• [RECORDS SHOWN]:

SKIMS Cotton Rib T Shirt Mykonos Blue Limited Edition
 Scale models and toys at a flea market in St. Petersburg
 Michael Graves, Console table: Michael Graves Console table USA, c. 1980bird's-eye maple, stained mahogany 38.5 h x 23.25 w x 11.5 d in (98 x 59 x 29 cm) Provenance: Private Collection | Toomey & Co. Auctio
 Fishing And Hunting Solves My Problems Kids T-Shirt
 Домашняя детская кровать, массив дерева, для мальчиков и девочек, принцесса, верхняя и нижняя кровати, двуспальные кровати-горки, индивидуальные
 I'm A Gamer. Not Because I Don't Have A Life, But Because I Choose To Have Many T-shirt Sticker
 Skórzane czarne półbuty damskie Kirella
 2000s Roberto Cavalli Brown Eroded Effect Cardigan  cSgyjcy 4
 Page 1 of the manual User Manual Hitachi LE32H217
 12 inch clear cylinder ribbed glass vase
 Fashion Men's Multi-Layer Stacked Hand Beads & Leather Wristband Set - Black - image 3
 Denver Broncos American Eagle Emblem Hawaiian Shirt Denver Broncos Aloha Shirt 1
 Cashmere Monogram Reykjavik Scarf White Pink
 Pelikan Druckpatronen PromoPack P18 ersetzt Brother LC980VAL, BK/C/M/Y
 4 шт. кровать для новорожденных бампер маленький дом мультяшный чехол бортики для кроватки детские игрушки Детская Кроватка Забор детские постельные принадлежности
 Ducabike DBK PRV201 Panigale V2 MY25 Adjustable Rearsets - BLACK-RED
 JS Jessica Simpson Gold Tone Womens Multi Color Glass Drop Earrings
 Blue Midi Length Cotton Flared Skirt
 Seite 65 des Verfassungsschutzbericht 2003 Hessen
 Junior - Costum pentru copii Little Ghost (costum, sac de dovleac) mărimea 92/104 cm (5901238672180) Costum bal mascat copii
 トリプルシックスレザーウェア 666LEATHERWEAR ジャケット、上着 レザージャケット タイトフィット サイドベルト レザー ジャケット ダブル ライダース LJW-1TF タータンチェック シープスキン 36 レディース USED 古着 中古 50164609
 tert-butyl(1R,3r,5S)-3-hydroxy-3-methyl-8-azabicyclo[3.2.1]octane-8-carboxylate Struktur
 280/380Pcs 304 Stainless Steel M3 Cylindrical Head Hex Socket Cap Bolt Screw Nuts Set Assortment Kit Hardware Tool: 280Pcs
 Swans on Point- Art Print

• [TASK OBJECTIVE]: Repeat the entries above exactly, beginning at their first line and ending with the line that contains "Denver Broncos American", with nothing added.

• [RESPONSE BOX]:
SKIMS Cotton Rib T Shirt Mykonos Blue Limited Edition
 Scale models and toys at a flea market in St. Petersburg
 Michael Graves, Console table: Michael Graves Console table USA, c. 1980bird's-eye maple, stained mahogany 38.5 h x 23.25 w x 11.5 d in (98 x 59 x 29 cm) Provenance: Private Collection | Toomey & Co. Auctio
 Fishing And Hunting Solves My Problems Kids T-Shirt
 Домашняя детская кровать, массив дерева, для мальчиков и девочек, принцесса, верхняя и нижняя кровати, двуспальные кровати-горки, индивидуальные
 I'm A Gamer. Not Because I Don't Have A Life, But Because I Choose To Have Many T-shirt Sticker
 Skórzane czarne półbuty damskie Kirella
 2000s Roberto Cavalli Brown Eroded Effect Cardigan  cSgyjcy 4
 Page 1 of the manual User Manual Hitachi LE32H217
 12 inch clear cylinder ribbed glass vase
 Fashion Men's Multi-Layer Stacked Hand Beads & Leather Wristband Set - Black - image 3
 Denver Broncos American Eagle Emblem Hawaiian Shirt Denver Broncos Aloha Shirt 1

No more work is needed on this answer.